Beoordeling door de rechtbank

2. Eiseres woont sinds juli 2019 samen met haar ex-partner en hun drie minderjarige kinderen bij de moeder van haar ex-partner. Op 1 februari 2022 heeft zij een urgentieaanvraag ingediend op medische gronden. Er zijn spanningen/ruzies tussen eiseres, haar ex-partner en zijn familie. De kinderen lijden daar onder. De ex-schoonmoeder heeft mondeling en schriftelijk laten weten dat zij en de kinderen de woning per 1 augustus 2022 moeten verlaten, omdat de woning te koop wordt gezet. Haar kinderen hebben lichamelijke en psychische klachten (slecht slapen en een ontwikkelachterstand). Eiseres heeft ter onderbouwing van de klachten van de kinderen in bezwaar een verklaring van [instelling] van 28 april 2022 overgelegd.

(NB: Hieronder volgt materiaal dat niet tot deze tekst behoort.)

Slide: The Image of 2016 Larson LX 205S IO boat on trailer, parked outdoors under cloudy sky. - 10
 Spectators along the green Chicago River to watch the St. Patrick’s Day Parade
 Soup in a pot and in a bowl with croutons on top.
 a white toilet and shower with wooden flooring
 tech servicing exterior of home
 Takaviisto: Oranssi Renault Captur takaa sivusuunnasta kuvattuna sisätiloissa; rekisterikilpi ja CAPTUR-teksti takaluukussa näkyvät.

3. Verweerder heeft de urgentieaanvraag van eiseres afgewezen. Eiseres voldoet niet aan de voorwaarde dat zij op het moment van indienen van een verzoek om een urgentieverklaring minimaal twee jaar onafgebroken ingezetene is van de gemeente Almere. [1] Eiseres heeft namelijk op 1 februari 2022 urgentie aangevraagd en staat vanaf 10 mei 2021 ingeschreven op het woonadres [adres] in [woonplaats] . Hiervoor had eiseres van 30 mei 2018 tot 10 mei 2021 een woonadres in [plaats] . Verder is niet gebleken van een economische en/of maatschappelijke binding in de zin van artikel 14, derde lid, van de Huisvestingswet 2014. Ook heeft zij niet voldaan aan de voorwaarde dat zij de situatie niet zelf heeft veroorzaakt of dat zij deze niet had kunnen voorkomen. [2] Zij is in juli 2019 gaan inwonen bij haar schoonouders en toen was al er sprake van spanningen door de strikte regels waaraan zij zich moest houden. Aangezien de urgentieaanvraag niet voldoet aan de algemene voorwaarden heeft verweerder de medische situatie van eiseres niet voorgelegd aan een keuringsarts. [3] Verder ziet verweerder geen aanleiding om de hardheidsclausule op grond van artikel 27 van de Huisvestingsverordening toe te passen.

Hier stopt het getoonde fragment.